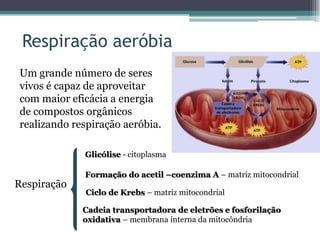 Respiração aeróbia
Um grande número de seres
vivos é capaz de aproveitar
com maior eficácia a energia
de compostos orgânicos
realizando respiração aeróbia.
Respiração
Glicólise - citoplasma
Formação do acetil –coenzima A – matriz mitocondrial
Ciclo de Krebs – matriz mitocondrial
Cadeia transportadora de eletrões e fosforilação
oxidativa – membrana interna da mitocôndria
• • • •
Problem description :: Print the lines of the entries, exactly, from the one containing "vivos é capaz de aproveitar" down to the final line, and leave out all the others.

Exercise answer ::
vivos é capaz de aproveitar
com maior eficácia a energia
de compostos orgânicos
realizando respiração aeróbia.
Respiração
Glicólise - citoplasma
Formação do acetil –coenzima A – matriz mitocondrial
Ciclo de Krebs – matriz mitocondrial
Cadeia transportadora de eletrões e fosforilação
oxidativa – membrana interna da mitocôndria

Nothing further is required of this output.